Nessa hora, Marcelo Bellini, seu mentor na Estudar, veio em seu socorro. “Só me fazendo perguntas, ele conseguiu me fazer enxergar coisas que não enxergava”, diz. Desde os 14 anos, Júlia guardava dinheiro para ter um negócio próprio. Pegou esse dinheiro e chamou a irmã para montar a Oficina de Inverno, uma empresa voltada para venda de roupas de frio. E qual o melhor lugar para abrir uma loja de roupas de frio? O Piauí, é claro – onde as temperaturas variam entre 20oC e 45oC.

“Sem a orientação do Marcelo, teria dado muito medo mergulhar nesse projeto, porque todo mundo me falava que era loucura, todos os meus professores, meus diretores”, diz. Sua ideia, porém, era que, justamente porque o clima é muito quente, as lojas não fazem estoque de roupas de frio e, quando as pessoas vão viajar, não têm onde comprar. Júlia também participou, em 2013, do programa de liderança da Estudar, que lhe infundiu mais coragem para dar o salto. “Até a minha mãe ficou surpresa. Disse que tinha criado uma filha para o mundo e ela ia voltar para o Piauí…”

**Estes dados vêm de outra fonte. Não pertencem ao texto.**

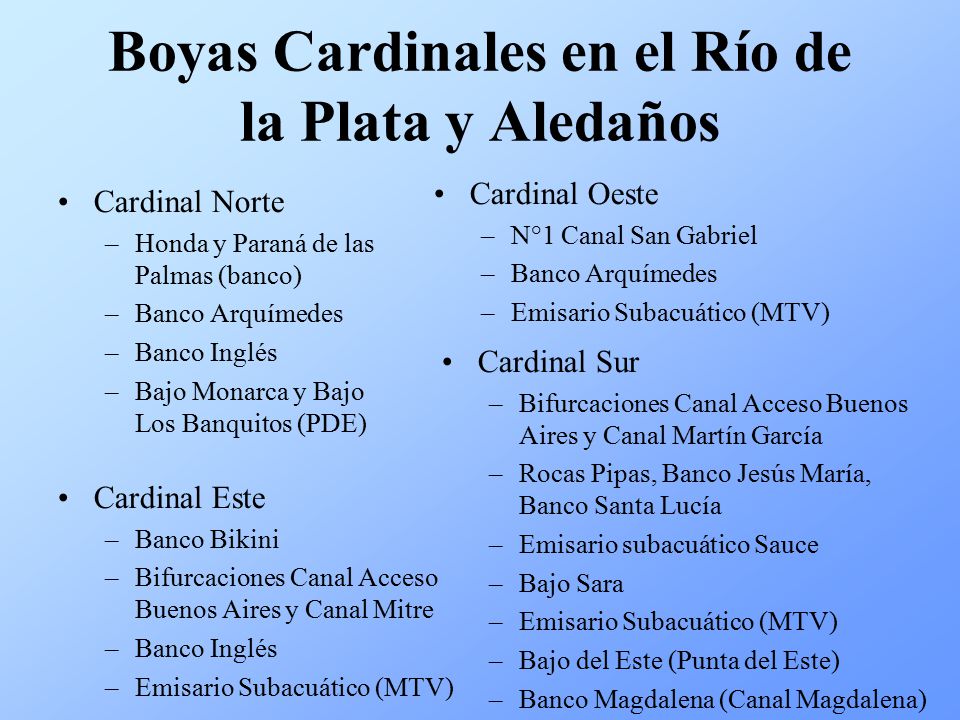Boyas Cardinales en el Río de la Plata y Aledaños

No primeiro mês de funcionamento, agosto de 2014, o site que as duas irmãs criaram faturou apenas R$ 500. Antes de completar um ano, as vendas mensais haviam saltado para R$ 20 mil. As mudanças de foco continuam – só que agora são viradas dentro do próprio negócio. “Quando colocamos o site no ar, o objetivo era vender no Nordeste. Mas, depois de

um tempo, percebemos que quase 70% das vendas eram para o Sudeste, então já estamos reorganizando a empresa, porque as nossas premissas básicas não estavam muito corretas.” As promoções de entrega gratuita na região, por exemplo, não surtiam efeito. O layout era muito jovem, mas a maioria dos clientes estava na faixa dos 45 anos para cima. Saber mudar é parte do segredo de um bom negócio.

“A gente começou vendendo na loja da minha mãe, e hoje as roupas de frio já representam 50% do faturamento dela”, afirma. A sede da empresa fica no quarto da outra irmã, que mora em Belo Horizonte. Elas desenham as peças e contratam terceirizados para a produção. No site, agora elas dão dicas de viagem, com ajuda de seis “correspondentes”, amigas que moram fora. “Quero que a Oficina de Inverno seja uma marca de viagem”, diz. “No futuro a gente quer abrir uma linha de verão, vender acessórios. Muita gente disse que o meu sonho era pequeno, mas eu não estou sendo pequena porque quero ser pequena; estou sendo pequena porque é o primeiro passo nas minhas atuais condições para ser grande no futuro.”